Hacker News new | ask | show | jobs
by jojobas 867 days ago
Native UI has been there for decades before. Yes, cross-platform requires extra effort.

Hell even Wine is more efficient an approach for cross-platform distribution.

2 comments

> Yes, cross-platform requires extra effort.

Aaand you lost most companies.

> Hell even Wine is more efficient an approach for cross-platform distribution.

I'm sure that customers will be willing to install and run Wine.

Wine requires no more installation than Electron. There are lots of "pirated" releases for macOS/Linux with a bundled copy of Wine (sometimes with third party patches or some libraries swapped out).
extra effort = no less than 50x the effort
Bullshit. If that's what it takes you please seek another line of work.
I can built a basic app with html, javascript, etc that supports many platforms in an evening. How long do you think it would take to support windows, macos, ios, android, xbox, linux, etc, etc? Much more than 50x the time even if you already are familiar with development on all the plaforms.
Qt covers 5 of the 6 platforms you named, and many more "etc".

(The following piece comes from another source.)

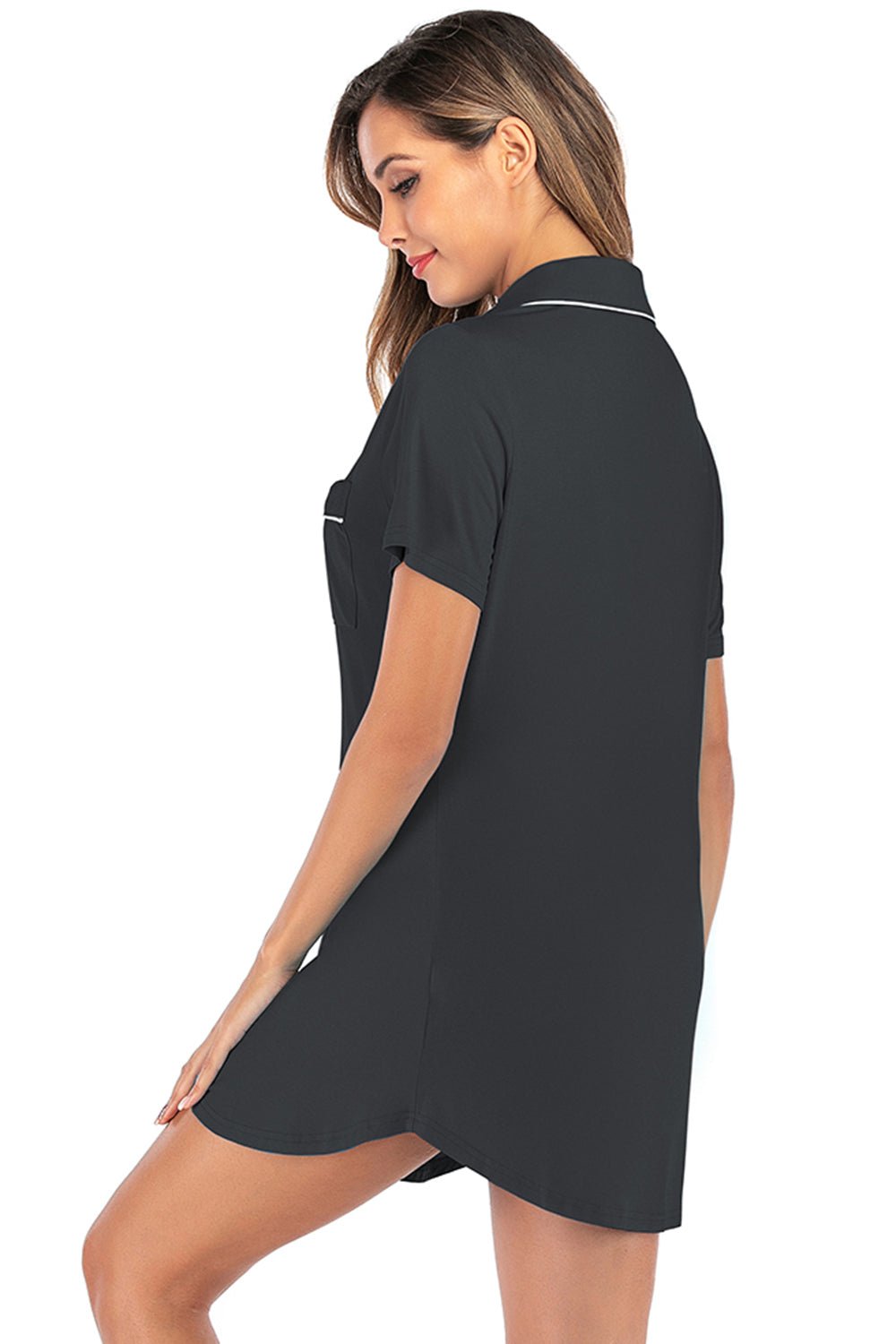 Contrast Piping Pocketed Short Sleeve Lounge Dress - Creative Designs by Shanny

Yes it takes a bit more than a boot camp graduate to code that, and might take a bit more time still.

See?

Your solution requires more dev time and skill - which makes it way more expensive. Basic economics.

The main requirement most devs and users have for an app - that it runs and works reliable. Not that it is the most efficient solution.

It's the same in any other industry where cheap plastic overtakes all, except and average user can't tell the difference, other than on "my PC is slow" level.

It is everyone's responsibility to not make shit software.

5 of the 6 isn't a fair comparison
Flutter or React Native are also easy to develop with and cross-platform, no need to learn C/C++.